**Exercise**
Pictures are to be left out, but please repeat each record exactly.

(Web page caption snippets)
________
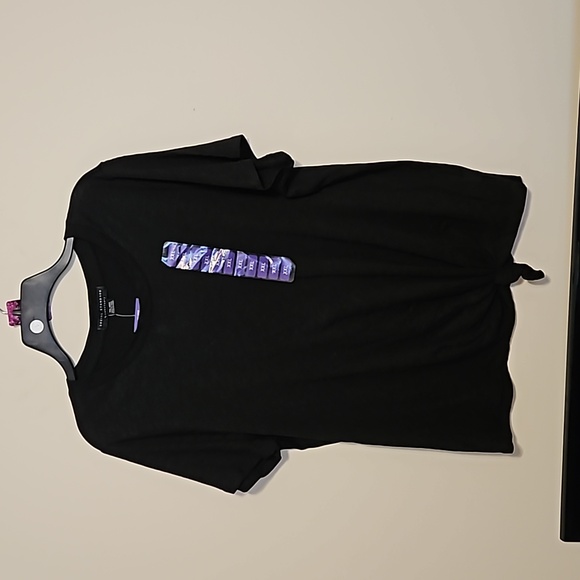 Social Standard by Sanctuary Tops - Social Standard by Sanctuary Black The one and only tee.  NWT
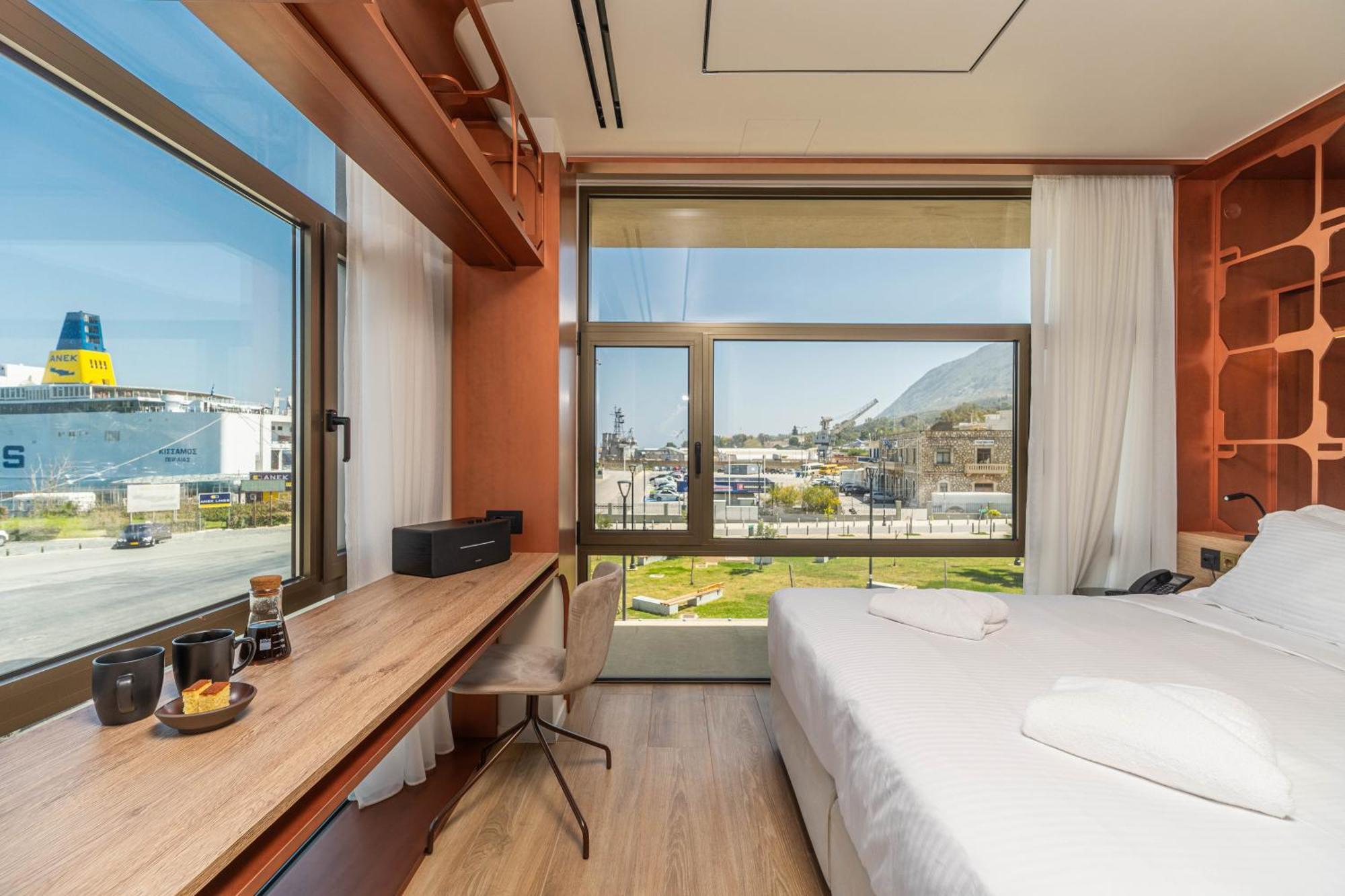 Oniros Residences Souda Extérieur photo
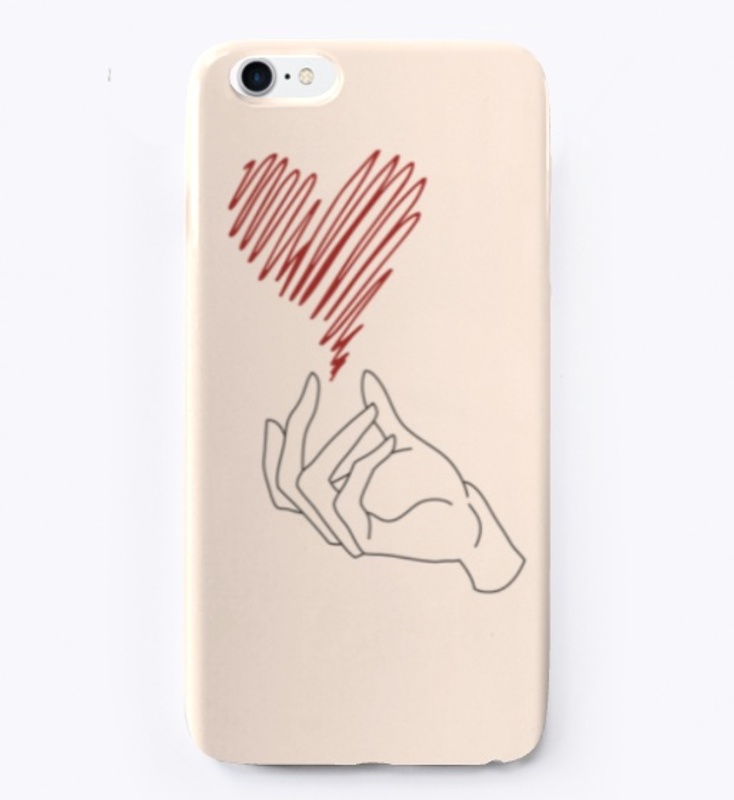 love design cover gift
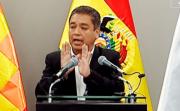 Vocero denuncia un “proceso conspirativo”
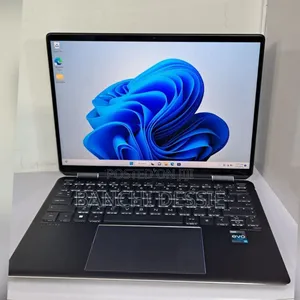 New Laptop HP Spectre 16GB Intel Core I7 SSD 1T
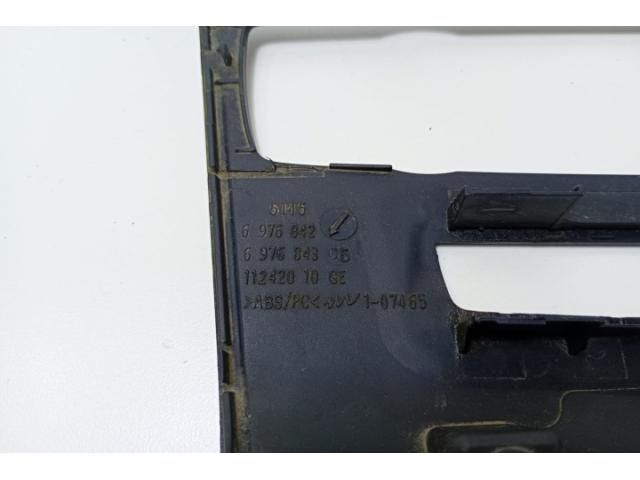 bontott BMW 1 Középső Műszerfal Díszléc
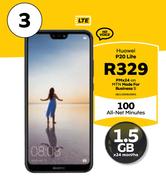 Huawei P20 Lite LTE-On MTN Made For Business S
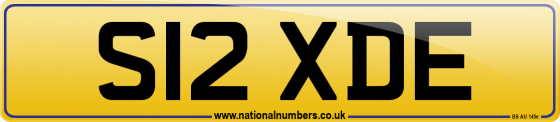 S12 XDE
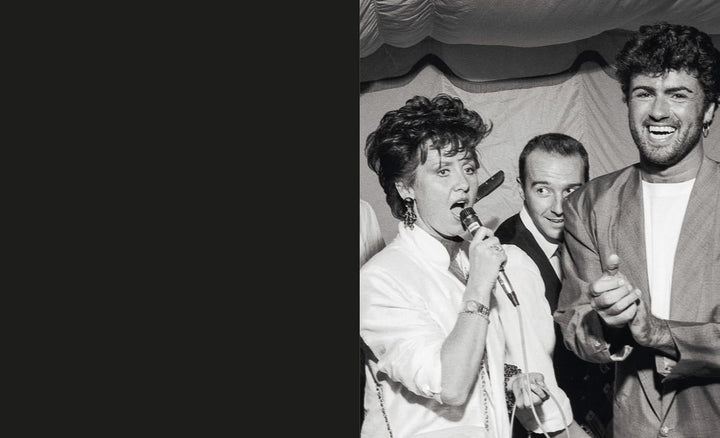 Celebrating George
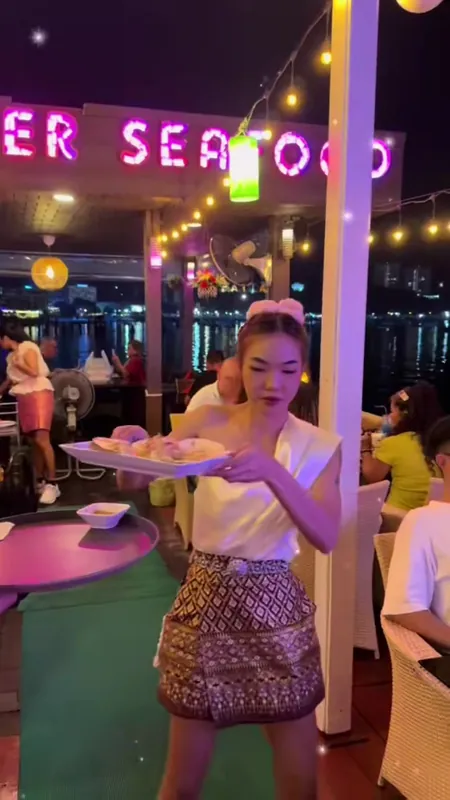 MASTER SEAFOOD PATTAYA в Паттайе — фото 8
________
**Solved exercise**
 Social Standard by Sanctuary Tops - Social Standard by Sanctuary Black The one and only tee.  NWT
 Oniros Residences Souda Extérieur photo
 love design cover gift
 Vocero denuncia un “proceso conspirativo”
 New Laptop HP Spectre 16GB Intel Core I7 SSD 1T
 bontott BMW 1 Középső Műszerfal Díszléc
 Huawei P20 Lite LTE-On MTN Made For Business S
 S12 XDE
 Celebrating George
 MASTER SEAFOOD PATTAYA в Паттайе — фото 8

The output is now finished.